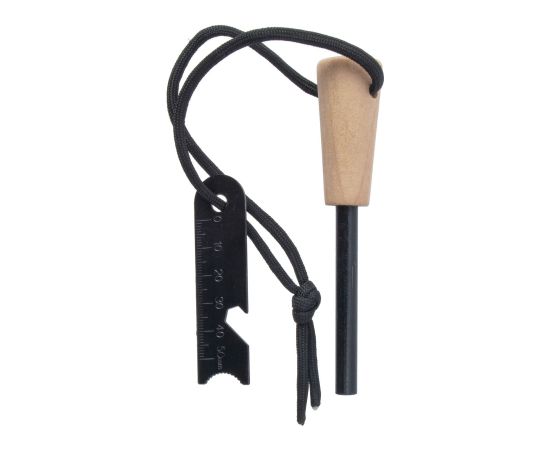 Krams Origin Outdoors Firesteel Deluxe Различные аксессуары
* * *
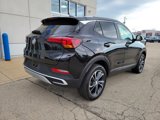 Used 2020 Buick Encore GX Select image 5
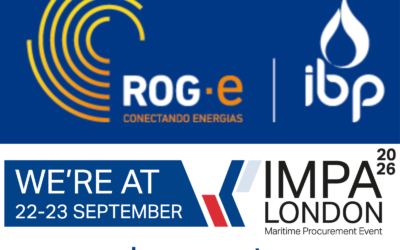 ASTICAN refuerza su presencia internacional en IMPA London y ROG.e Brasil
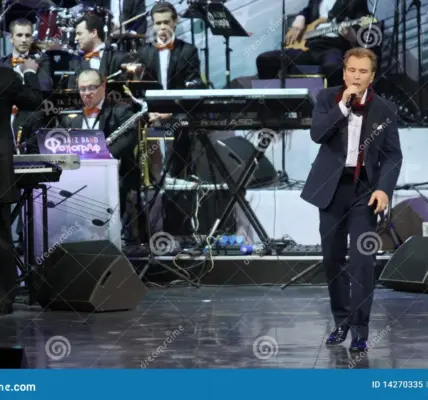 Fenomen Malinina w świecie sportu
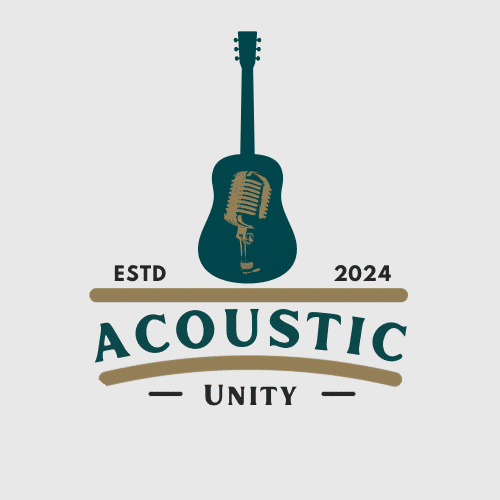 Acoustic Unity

**Exercise brief**
In the data above, find the line containing "Used 2020 Buick Encore GX Select image 5" and the line containing "Acoustic Unity". Copy exactly the stretch from the first through the second, both included, leaving out any picture.

**Answer to the problem**
 Used 2020 Buick Encore GX Select image 5
 ASTICAN refuerza su presencia internacional en IMPA London y ROG.e Brasil
 Fenomen Malinina w świecie sportu
 Acoustic Unity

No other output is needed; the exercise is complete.